_What you will do_
What you return should be the full listing, copied exactly and stripped of its pictures.

_Collected data_
★ ★ ★ ★ ★

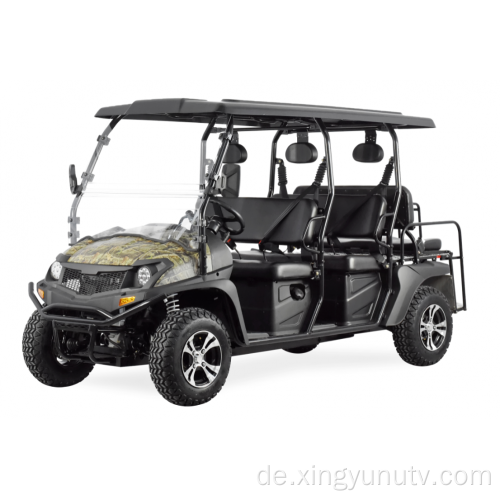 400cc 4 Sitze EFI UTV CAMO-Farbe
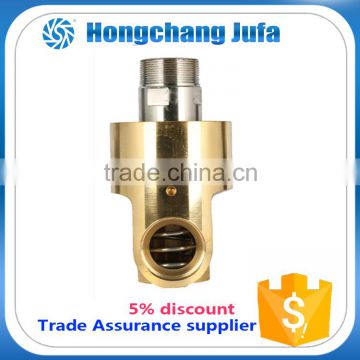 graphite components brass plate rotary union universal joint coupling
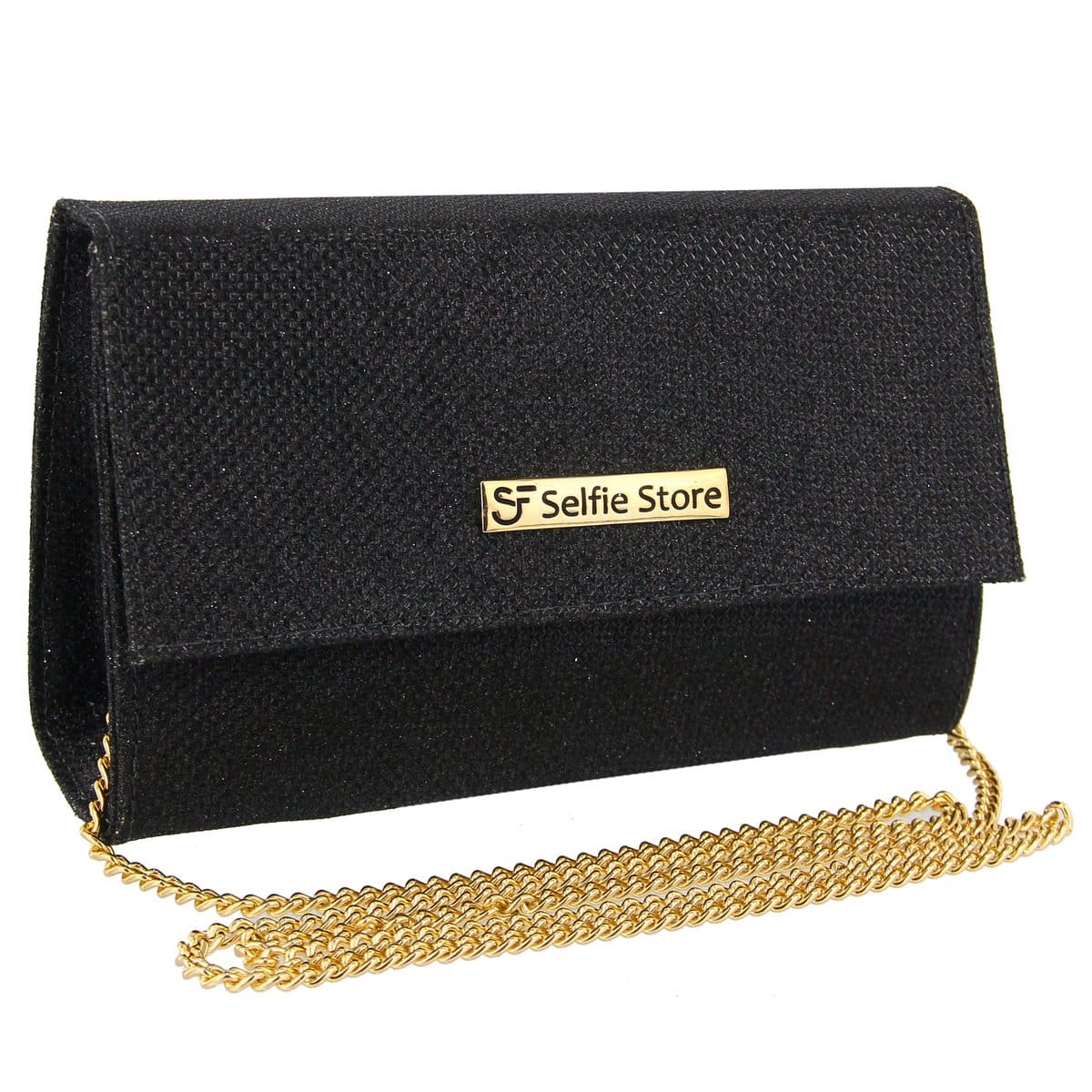 Women Clutches - 黑色 - 查看 1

★ ★ ★ ★ ★

_Reply_
 400cc 4 Sitze EFI UTV CAMO-Farbe
 graphite components brass plate rotary union universal joint coupling
 Women Clutches - 黑色 - 查看 1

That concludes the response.